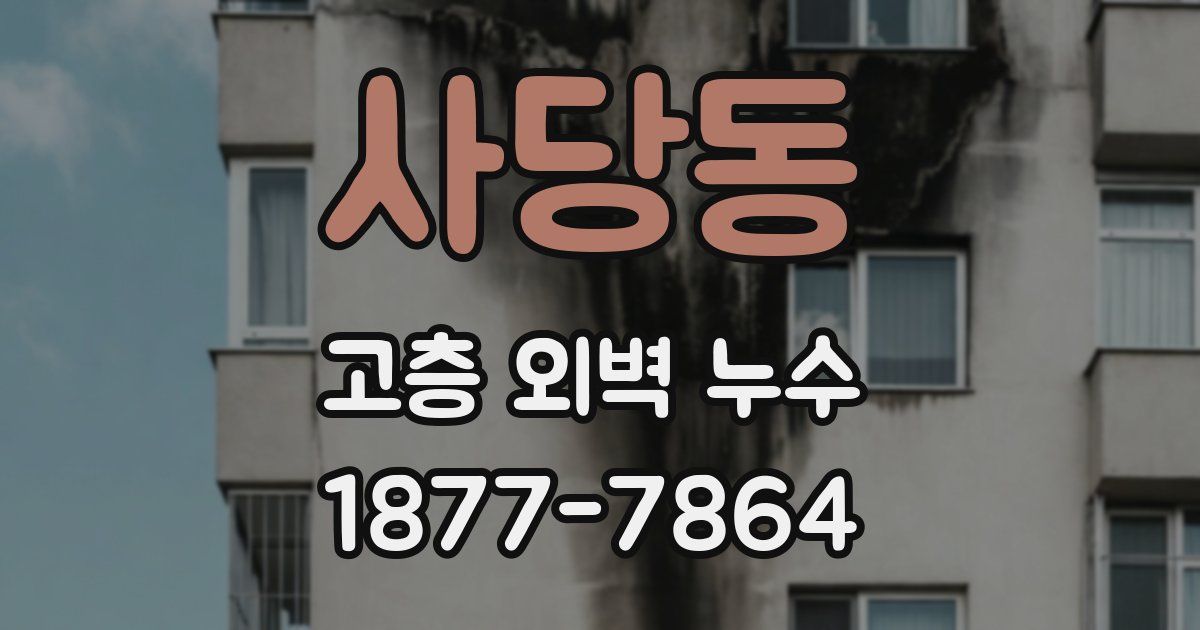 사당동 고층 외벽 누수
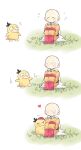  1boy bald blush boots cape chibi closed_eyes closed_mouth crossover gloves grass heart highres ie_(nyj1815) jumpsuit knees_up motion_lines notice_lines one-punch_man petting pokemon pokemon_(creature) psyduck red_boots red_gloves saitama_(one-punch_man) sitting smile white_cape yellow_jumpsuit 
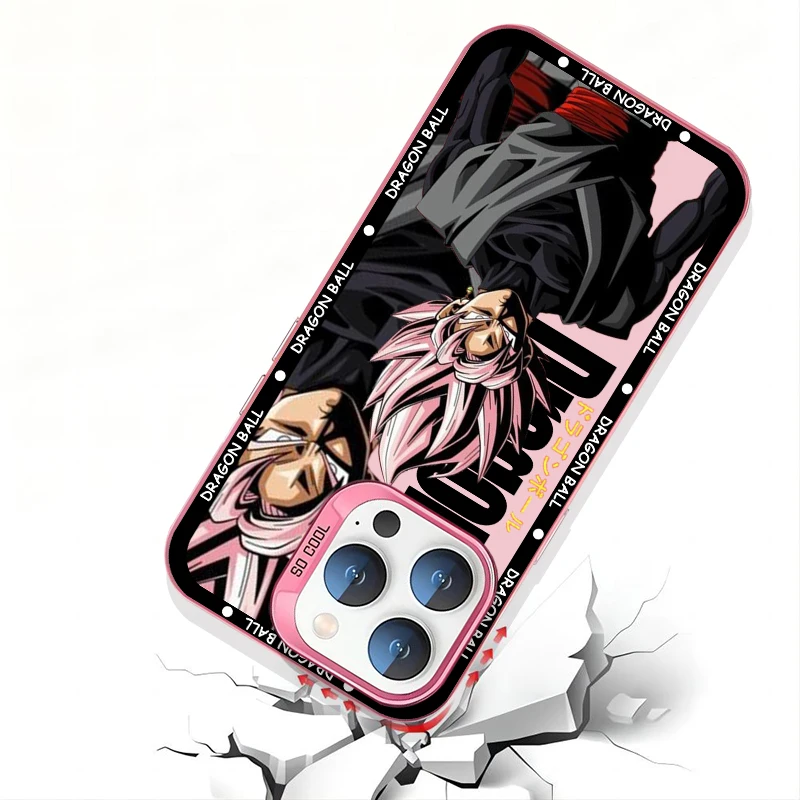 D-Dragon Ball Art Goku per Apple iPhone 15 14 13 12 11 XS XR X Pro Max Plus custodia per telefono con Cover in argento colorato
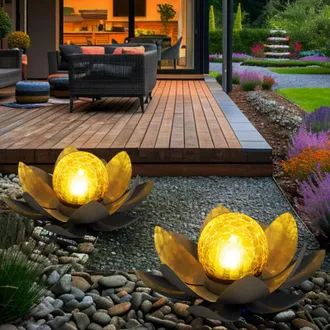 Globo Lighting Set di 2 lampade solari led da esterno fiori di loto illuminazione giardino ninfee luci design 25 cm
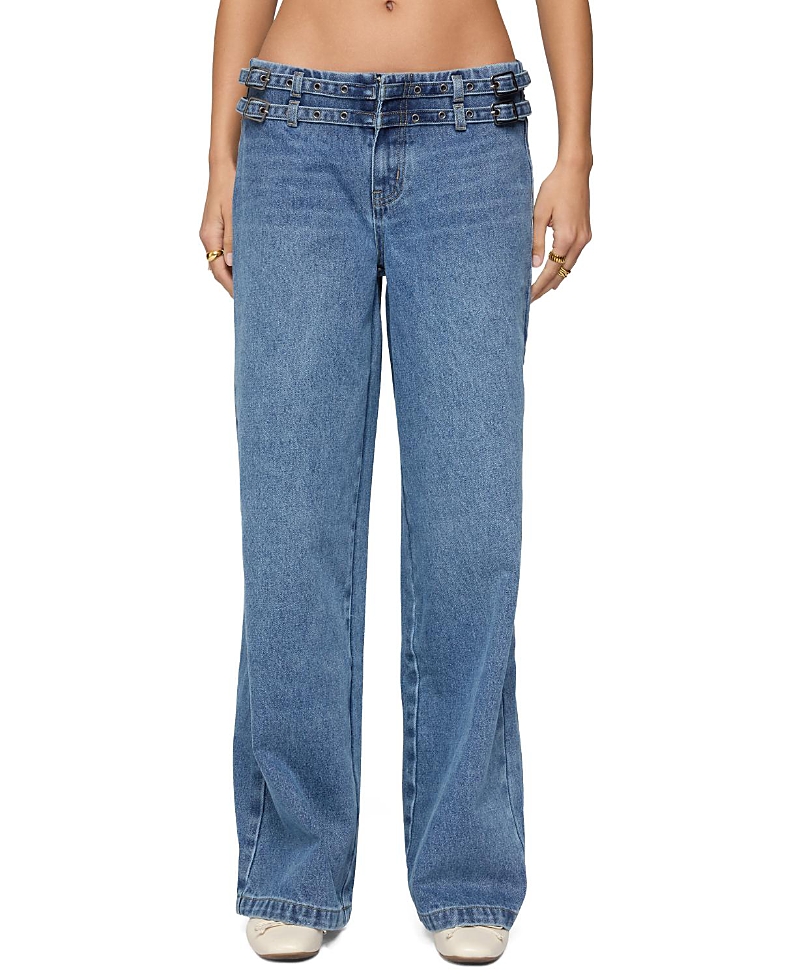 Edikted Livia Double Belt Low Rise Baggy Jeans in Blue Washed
________
◆ **Problem requirements**
All that belongs in the answer is the lines from the line with "Globo Lighting Set" through the closing line of the entries, inclusive, transcribed exactly and free of pictures.

◆ **Exercise output**
 Globo Lighting Set di 2 lampade solari led da esterno fiori di loto illuminazione giardino ninfee luci design 25 cm
 Edikted Livia Double Belt Low Rise Baggy Jeans in Blue Washed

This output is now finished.